She has a lot of techniques that seem silly when explained, but have a big effect when applied. I’ve heard a lot of her ideas being repeated in disjointed fragments by different creative teachers but Dorothea Brande (let’s use DB as a shortcut) synthesized them into a handbook an amateur needs to turn pro.

(If you’ve read Turning Pro and the War of Art by Steven Pressfield, this is the missing manual on how exactly an amateur can turn pro. The best part: it doesn’t have to be bloody! If you’ve wondered why some artists can ‘take dictation from God’ and not have to suffer so much to be creative, this is the right manual. Note that you do need to stretch yourself, but it’s not what you think.)

Those marked with a 0 and a letter (ex. 0A) are theory (episteme). Those marked with numbers (ex. 8) have exercises that will help you build skills/intuition/expertise/craft (techne).

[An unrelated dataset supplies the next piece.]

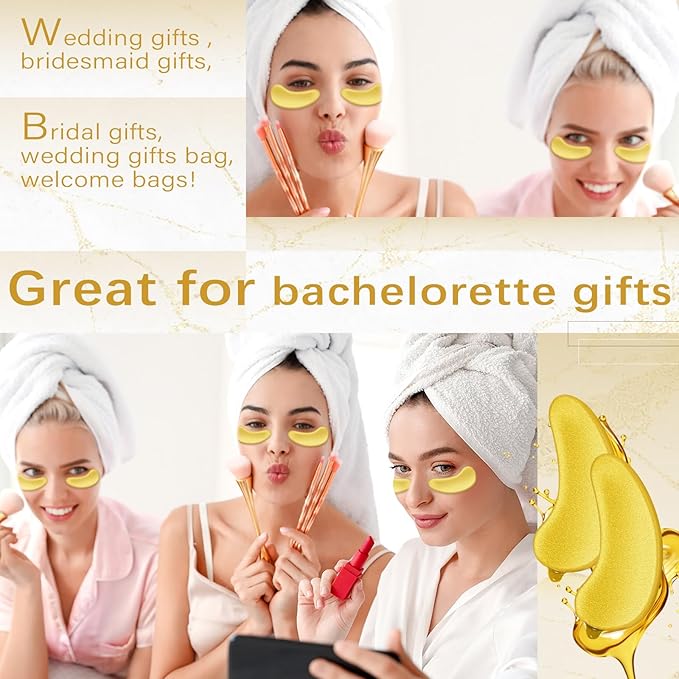 60 Pairs 24k Gold Under Eye Patches for Dark Circles Puffiness Wrinkles Individually Packaged Under Eye Patches Mask with Acid and Collagen for Relieves Pressure and Reduces Wrinkles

0A) Slough of Despond – most writers seek to become professionals and are told “Genius cannot be taught.” They come to the profession having good taste but not the technical excellence to master it. They mistakenly believe they need to master technical crafts first.

The four difficulties:

1. the difficulty of writing at all

2. the one book author

3. the occasional writer (example, writing only 1 page a year, waits for inspiration)

4. the uneven writer

These four lack some foundation skills that come before the need to practice technical writing craft. The modern term ‘emotional self-regulation’ doesn’t even capture half of it.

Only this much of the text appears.